This is a formula in conjunctive normal form, as desired. The formula is also satisfied by the same assignments as $\text{AMO}_L$ : if an assignment satisfies two or more literals in the list, then some clause (and therefore the whole formula) will be falsified. Note the number of clauses is quadratic in the size of $L$ , because there are $O(|L|^2)$ pairs of literals. Can we encode AMO in fewer clauses?

Suppose we split the list of literals into two sub-lists: $L = A, B$ . Let $t$ be a fresh Boolean variable (i.e. it is not used anywhere else in our formula), and consider the conjunction of constraints

$\text{AMO} _{A, \overline{t}} \land \text{AMO} _{t, B}$

Think of $t$ as a switch that chooses whether to allow a true literal in $A$ or in $B$ . Consider the case where $t$ is assigned true. The left half of our split constraint becomes equivalent to $\text{AMO}_A$ , since the $\overline{t}$ literal is falsified. But in right half, since $t$ is satisfied, all of the literals in $B$ must be falsified. The case where $t$ is assigned false is similar: at most one of the literals in $B$ can be true, while all of the literals in $A$ must be false. Since $t$ is otherwise unconstrained, this split constraint still essentially encodes an at-most-one constraint over the original list of literals $L$ .
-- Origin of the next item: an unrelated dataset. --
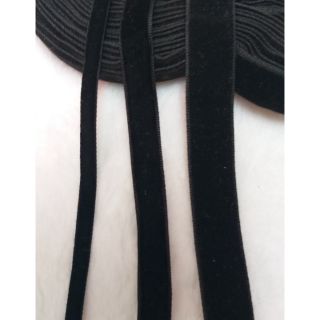 Ruy băng nhung  màu đen , k co giãn , size 6 mm đến 3.8cm.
The cut-4 encoding uses this splitting lemma to repeatedly cut the AMO constraint into groups of 4 literals. Those small AMO constraints are then encoded with the pairwise encoding.

$\text{Cut4}(\ell _1, \ell _2, \dots, \ell _{10}) \triangleq \text{Pairwise}(\ell _1, \ell _2, \ell _3, \overline{t_1}) \land \text{Pairwise}(t_1, \ell _4, \ell _5, \overline{t_2}) \land$

$\qquad\qquad\qquad\qquad\qquad \text{Pairwise}(t_2, \ell _6, \ell _7, \overline{t_3}) \land \text{Pairwise}(t_3, \ell _8, \ell _9, \ell _{10})$

Again, this is a formula in conjunctive normal form, and per the splitting lemma above, it is also equivalent to the $\text{AMO}_L$ constraint. What about the size of the formula? There are $O(|L|)$ pairwise encodings, which each generate $O(1)$ clauses, giving a total of $O(|L|)$ clauses -- we improved (asymptotically) on the pairwise encoding, at the cost of adding $O(|L|)$ fresh variables.
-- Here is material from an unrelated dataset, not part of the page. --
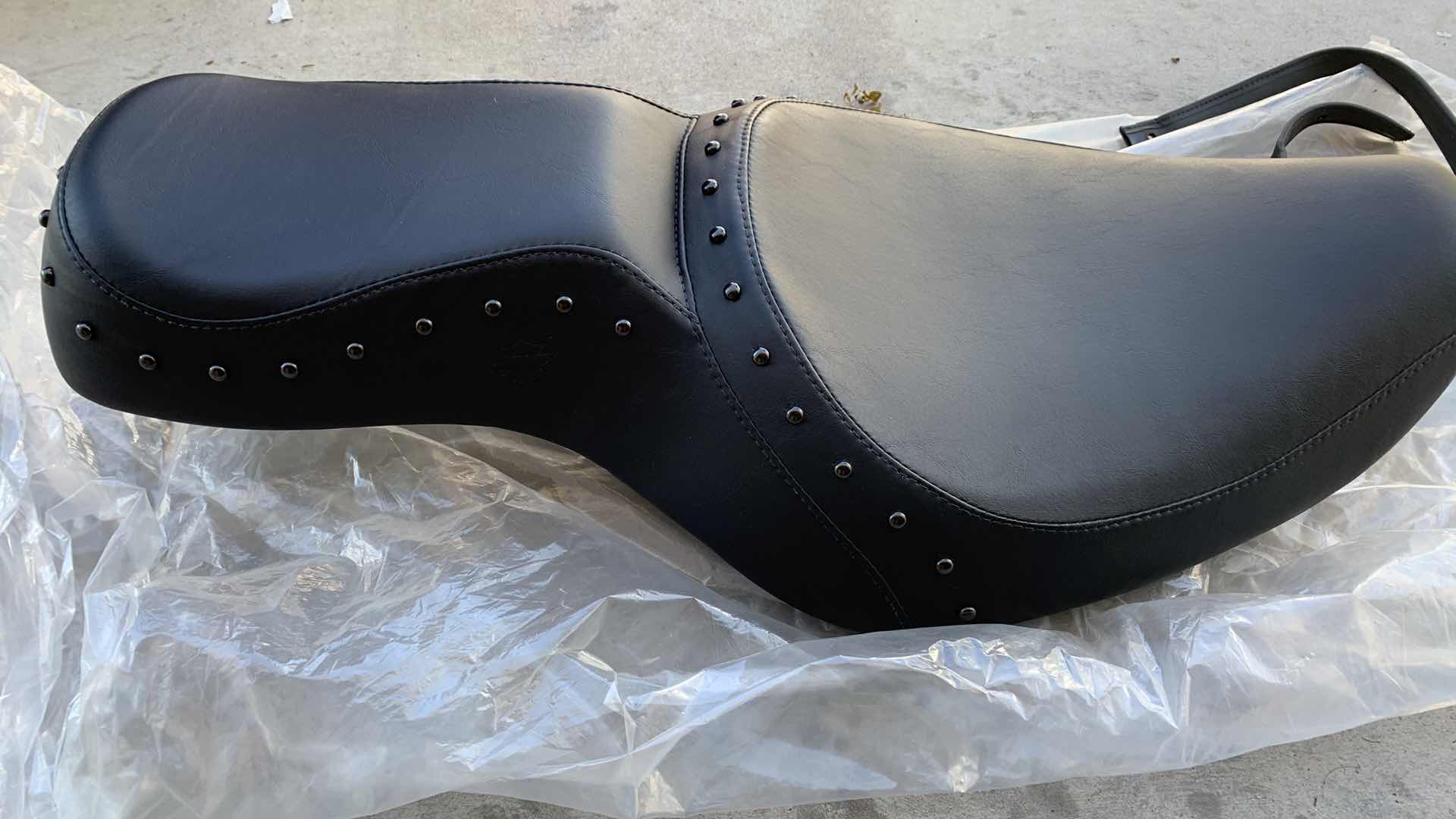 Photo 1 of HARLEY DAVIDSON 1996-2003 DYNA BLACK STUDDED HD LOGO RIDER PASSENGER 2 UP LEATHER SEAT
The pairwise and cut-4 encodings both express our original at-most-one constraint as a CNF formula, so why have both? Experimentally, we find that SAT solvers perform differently on these encodings. Sometimes the pairwise encoding is best, sometimes cut-4, sometimes other AMO encodings.^[2] In general, adding auxiliary variables can make a CNF encoding more compact (fewer clauses), and this compactness can both improve and worsen the performance of SAT solvers. The tradeoff is an area of active research.^[3] Regardless, CNF encodings must carefully manage where and how auxiliary variables are used, because this will significantly affect the performance of SAT solvers on the resulting formulas.

Auxiliary Variables, Formally

Now we understand that CNF encodings sometimes introduce new variables ("auxiliary" variables) in order to produce a more compact CNF formula. While we are introducing new terminology, let's call the variables that existed before CNF encoding (i.e. non-auxiliary variables) the "problem" variables, because they usually have a meaning in the original problem domain. I think auxiliary variables are actually quite confusing, so let's try to understand what exactly they are doing in a formula.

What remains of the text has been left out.